We have previously shown that mutations flanking the first Cys-His box in HIV-1 NC sequence, while not inhibiting the selective packaging of tRNALys into HIV-1 (6), inhibit genomic placement of tRNA3Lys in vivo by 70 to 80% (5). These mutations include a triple mutation in basic residues just upstream of the first Cys-His box (R7R10K11 S), as well as mutations within the 7-amino-acid linker sequence between the two Cys-His boxes (R32G and a triple mutation, R32K33K34 S). The mutations are dominant-negative since genomic placement of tRNA3Lys cannot be rescued by cotransfection of COS cells with plasmids coding for either wild-type (wt) Pr55gag or Pr160gag-pol. The mutant NC sequences must be acting within the context of either Pr55gag or Pr160gag-pol, and in this report, we have determined that they act through Pr55gag, and not through Pr160gag-pol.

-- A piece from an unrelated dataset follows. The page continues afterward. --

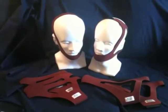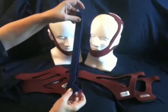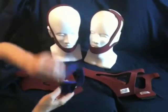Selecting a chin strap, there are a variety of different styles available for CPAP users, the most common being the Simple Strap, which often slips off during the night.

To measure the amount of tRNA3Lys placed onto the PBS in vivo, total viral RNA is used as the source of primer-template in an in vitro reverse transcription reaction, with exogenous HIV-1, reverse transcriptase (RT), dCTP, dTTP, [α-32P]dGTP, and ddATP (5). Since the sequence of the first six deoxynucleoside triphosphates incorporated is CTGCTA, placed primer tRNA3Lys will be extended by six bases, and the extended tRNA3Lys can be resolved and detected by one-dimensional polyacrylamide gel electrophoresis. The interpretation of the data from such experiments makes the assumption that the primer tRNA in the total viral RNA has been placed upon the PBS in vivo and not in vitro during the reverse transcription reaction. Several pieces of data support this. First, the different degrees of inhibition of genomic placement produced by wt and mutant Pr55gag and Pr160gag-pol (6) must reflect what had occurred in the virus since the total viral RNA used in the reaction has been deproteinized, and none of the mutants tested alter the amount of tRNA3Lys packaged. Second, we have also found that in the RT reaction buffer, the primer tRNA3Lys bound to the template is very heat stable, dissociating at temperatures only above 70°C (data not shown). Third, we have reported that a mutant tRNA3Lys with an altered anticodon sequence (SUU to CUA) is an efficient primer for reverse transcription in vitro when it is heat annealed to genomic RNA. However, while this mutant tRNA is packaged into HIV-1 in vivo, it does not act as a primer tRNA in our RT assay with total viral RNA unless we first heat denature the total viral RNA and allow the tRNA to anneal back to the genomic RNA (7).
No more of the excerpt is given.